If Peter didn't ask this question of Jesus, we might not have such an amazing answer to help us in our walk and relationship with Him and with others.
2) Answers to most of your questions can be found in the Bible: We need to realize that the answers to most of our questions can be found in the Bible where someone else has asked the same question. That is why reading the Bible needs to become an integral part of our relationship with God. It answers a lot of questions we may have about our relationship with Him. It may, hopefully, even create some additional questions as well. Do not let this scare you.
3) Make sure you are seeking answers from a reputable source: As I said, questions are a good thing. Just make sure you are seeking answers from a reputable source, someone who believes the Bible is the inerrant, infallible, authoritative Word of God. If they do not believe this, then their God is microscopic. You might not want to trust anything they say because, in their minds and hearts, God is "limited" in what He can and can't do.

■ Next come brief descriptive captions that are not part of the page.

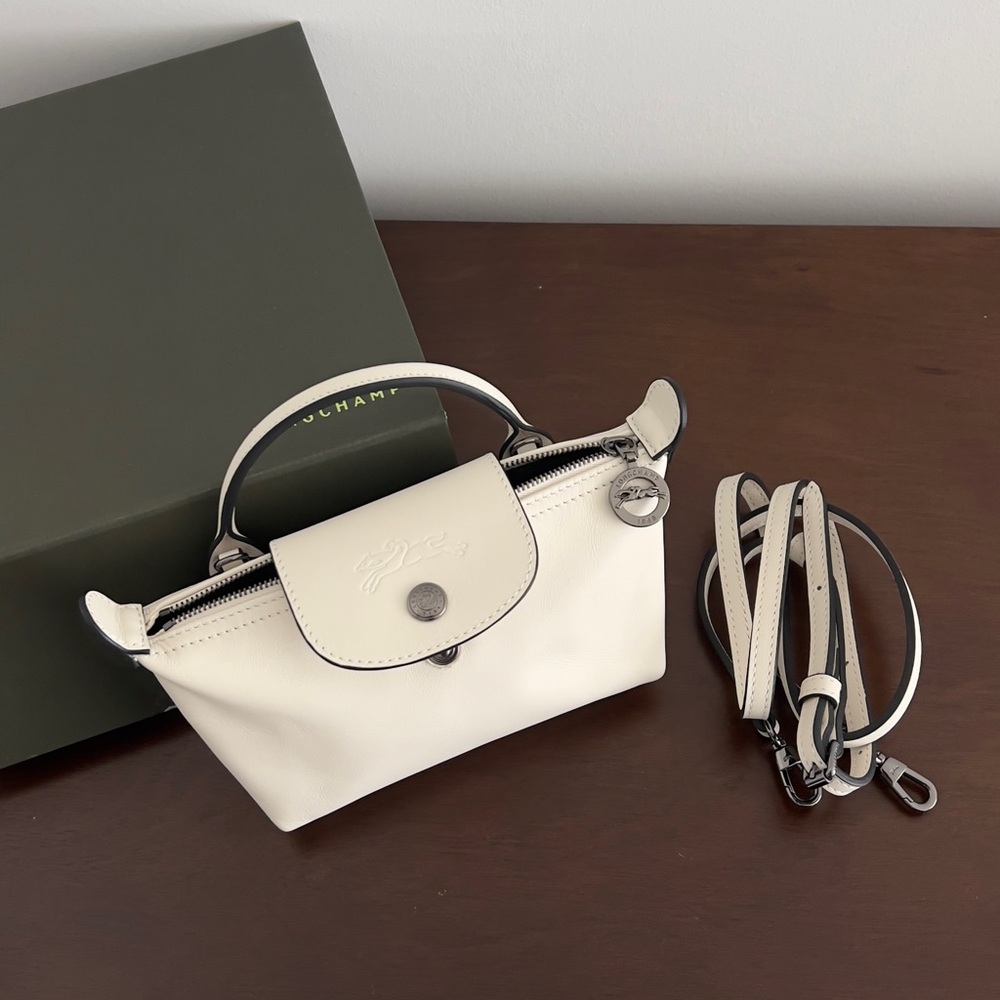 LE PLIAGE XTRA XS POUCH
Ecru - Leather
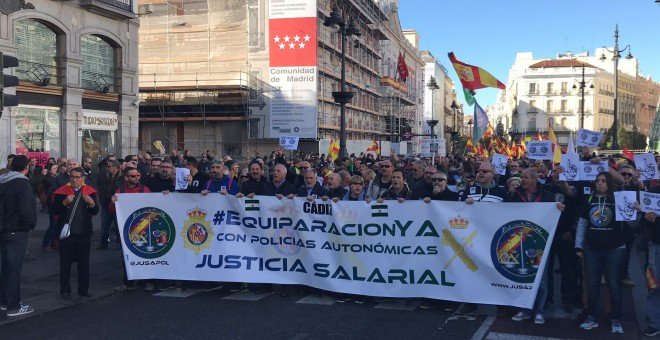 Policías y guardias civiles rompen la negociación sobre equiparación salarial por la oferta "inaceptable" de Interior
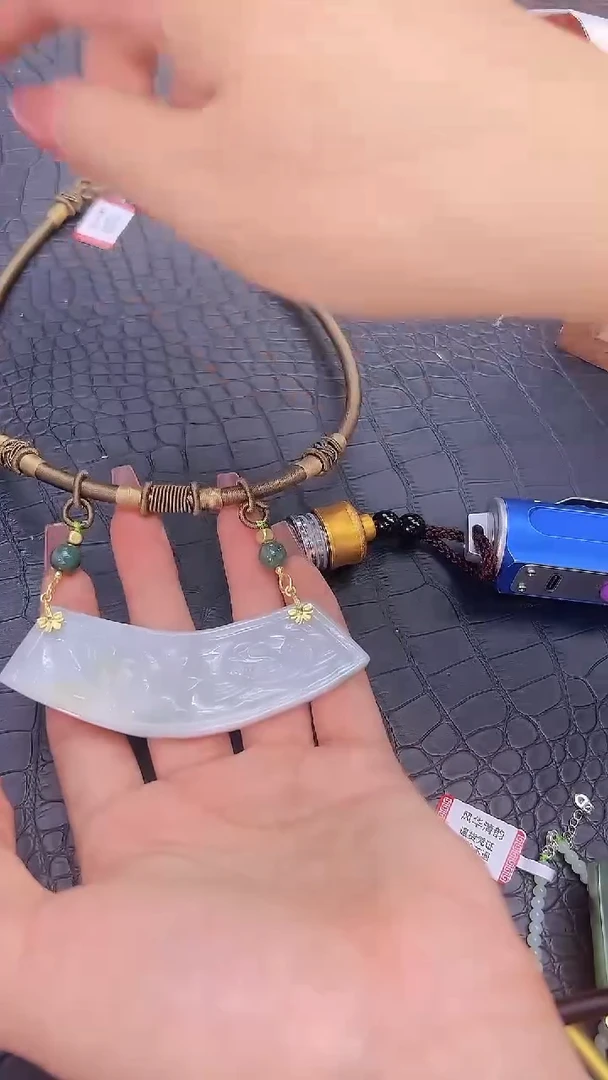 翡翠未镶嵌颈饰翡翠月牙吊坠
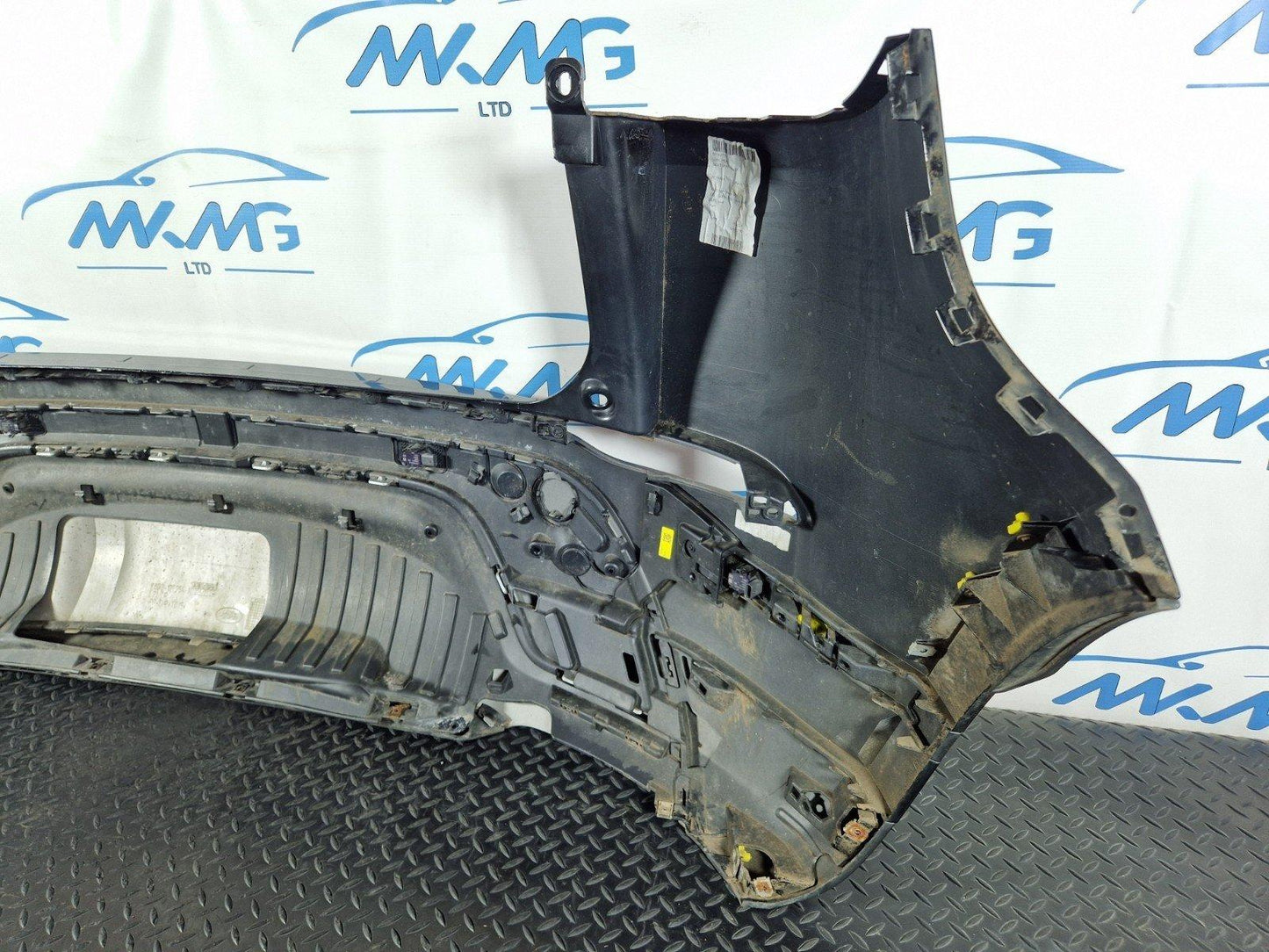 19-ON RANGE ROVER EVOQUE L551 GENUINE COMPLETE REAR BUMPER SANTORINI BLACK 820
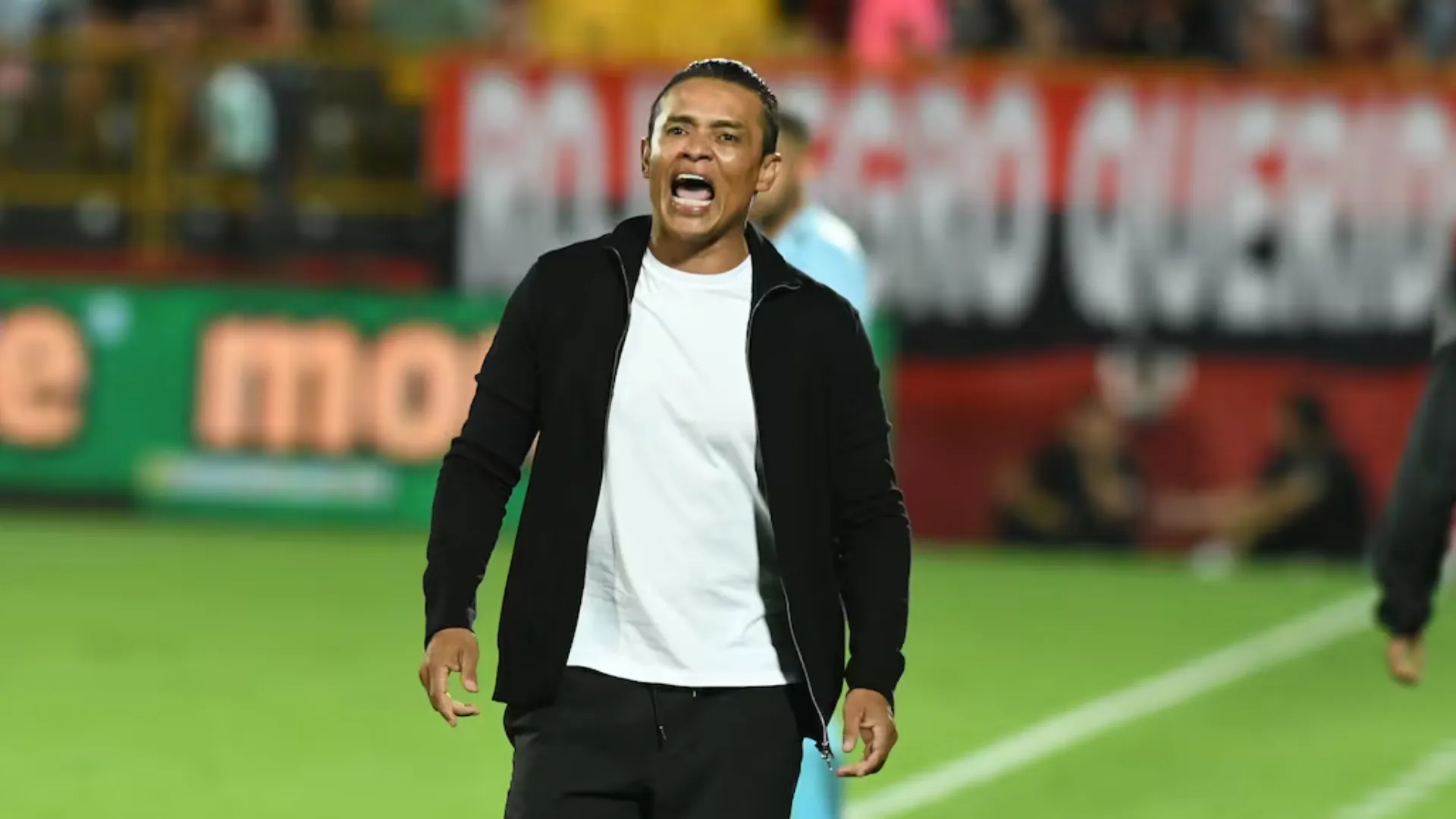 Paté Centeno todavía no debutó en San Carlos, pero ya pusieron en jaque su futuro: "Hay que tomar decisiones"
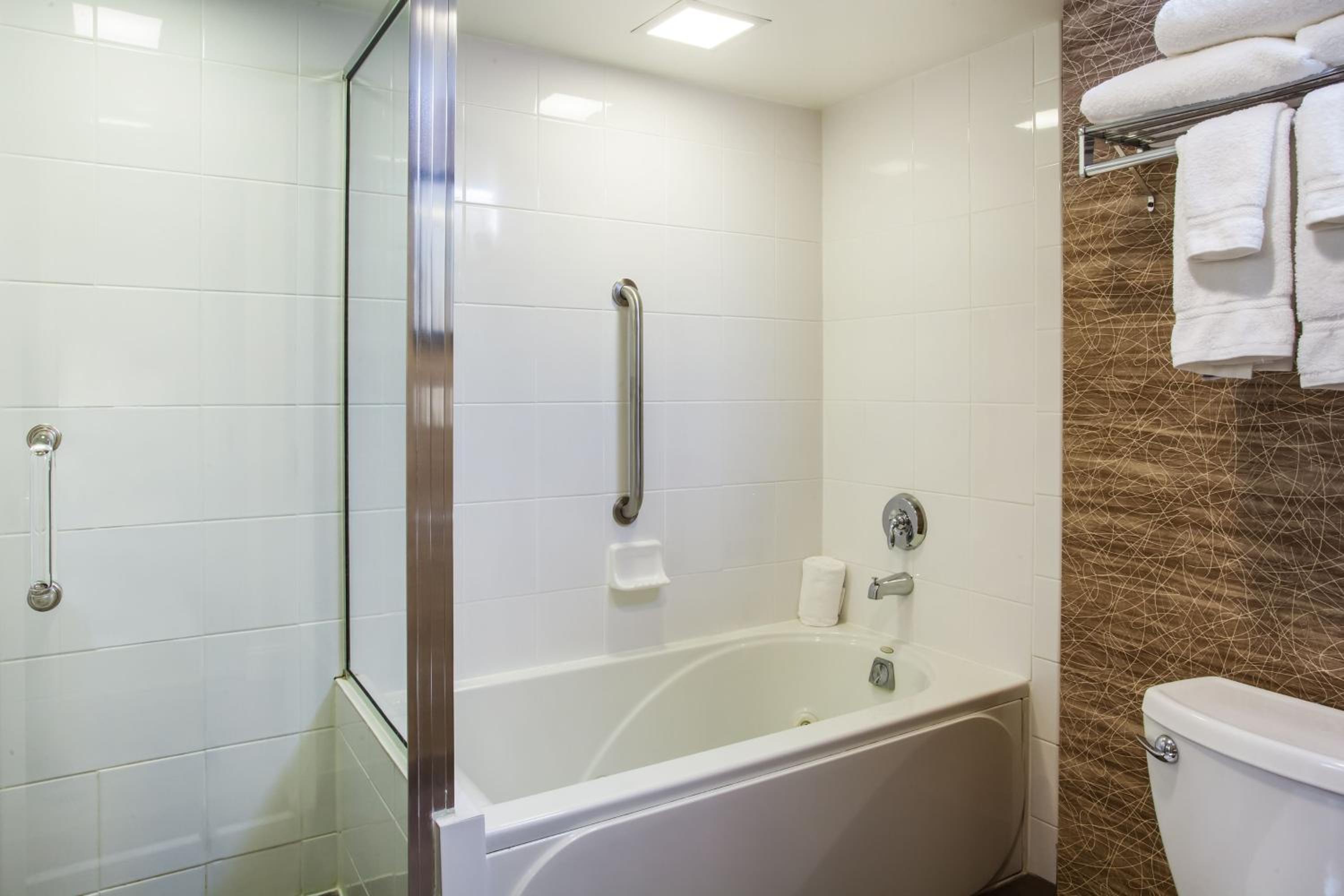 King Suite with Spa Bath - Non-Smoking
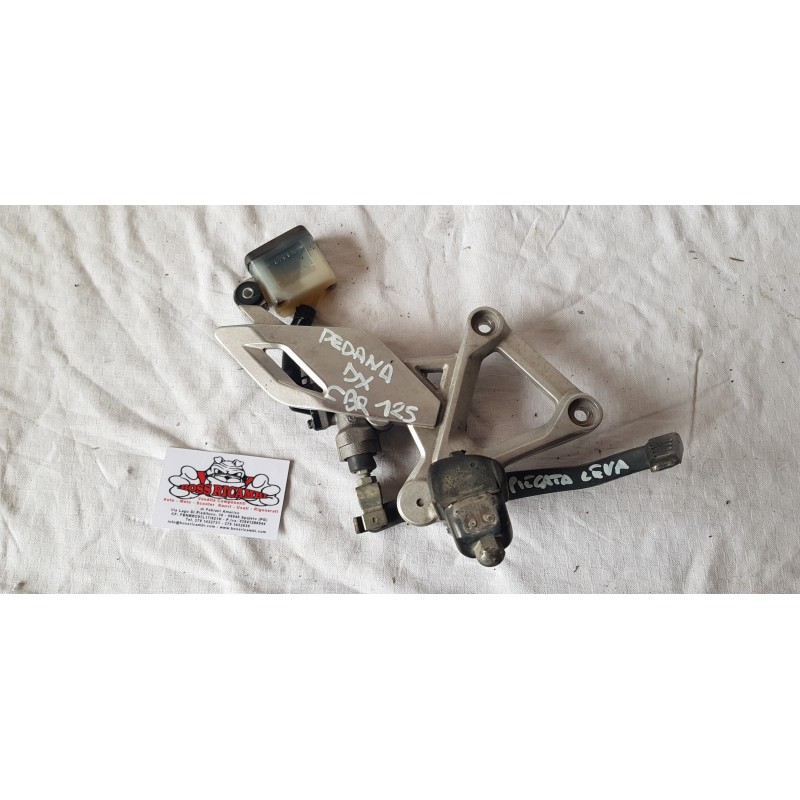 HONDA CBR 125R PEDANA POGGIAPIEDI LEVA FRENO POSTERIORE POMPA DAL 2011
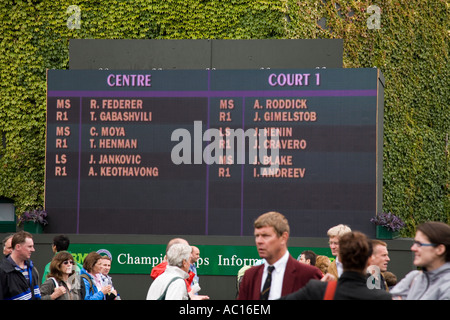 Auftrag des Spiels Centre Court und die Nummer 1 Gericht über die Eröffnung Tag Wimbledon Tennis Championship. UK Stockfoto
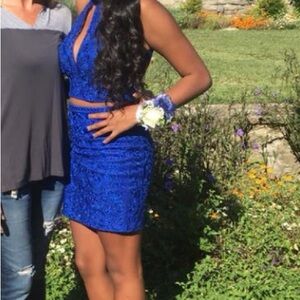 Beautiful dress and fits so nicely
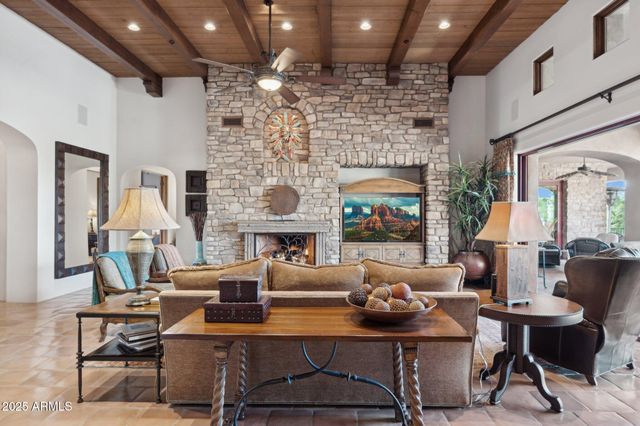 10986 E WILDCAT HILL Road, Scottsdale, AZ 85262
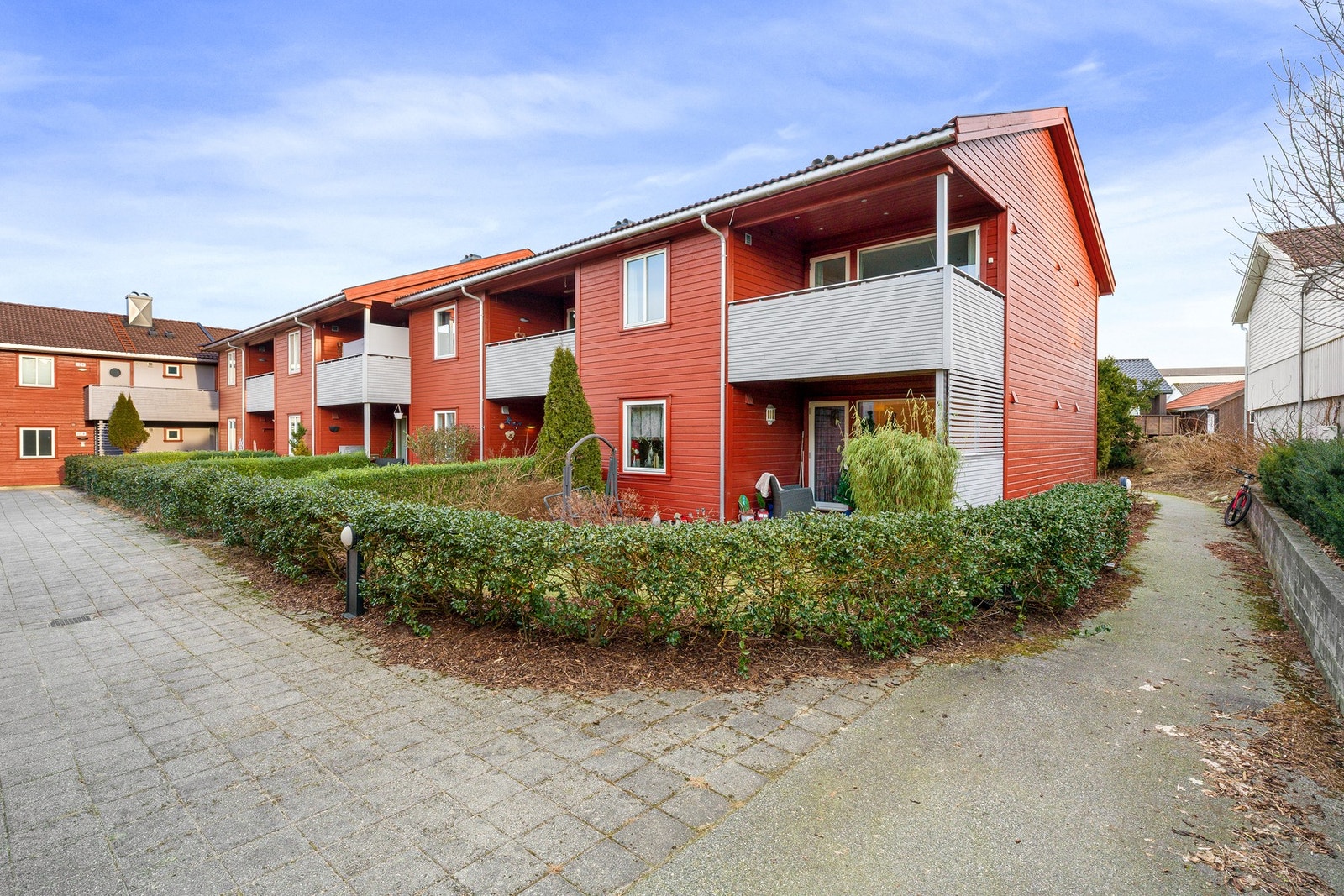 For ekstra lagringsplass har leiligheten en innvendig bod, samt en utvendig bod. Galleribilde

4) Sometimes answers to our questions require background knowledge: Sometimes answers require background knowledge and understanding. A good example of this would be a section of Proverbs I was reading recently. I started reading one chapter of Proverbs each day several years ago based on the recommendation of Pastor Skip Heitzig, whose messages I listen to all the time. Proverbs is an easy one to do this with because it has 31 chapters in it, one for every day of the month. If a month doesn't have 31 days in it, I will read through Chapter 31 on the last day of the month so that I'm back to chapter one on the first of the month.
Anyway, I was reading through Proverbs chapter 26 when I came across this section:
The Bible Says: Answer not a fool according to his folly, lest you be like him yourself. Answer a fool according to his folly, lest he be wise in his own eyes. (Proverbs 26:4-5)
I’d been reading this every month for over a year, and every time I came to it, it bugged me. Do not answer a fool? Do answer a fool? What am I supposed to do? I would pray and ask God for the wisdom, but for some reason, I wasn’t getting it. Finally, I took my own advice and searched the Internet to see what others were saying about it, and I found an answer on the website GotQuestions.org. Since I had been to the site several times over the course of writing my first book, I had come to trust and respect their opinion greatly. I was immediately drawn to see what they had to say.
The question they were answering was: “Do Proverbs 26:4 and 26:5 contradict each other? How can both verses be true?" which was precisely the question I had. Here’s what they said:
Proverbs has much to say about fools. They despise wisdom (Proverbs 1:7, 22, 10:21, 23:9); they are right in their own eyes (Proverbs 12:15); they are deceitful (Proverbs 14:8) and scornful (Proverbs 10:23, 14:9). The wise are also given instruction on how to deal with fools in Proverbs. Instructing a fool is pointless because his speech is full of foolishness (Proverbs 15:2, 14) and he does not want wisdom and understanding (Proverbs 18:2).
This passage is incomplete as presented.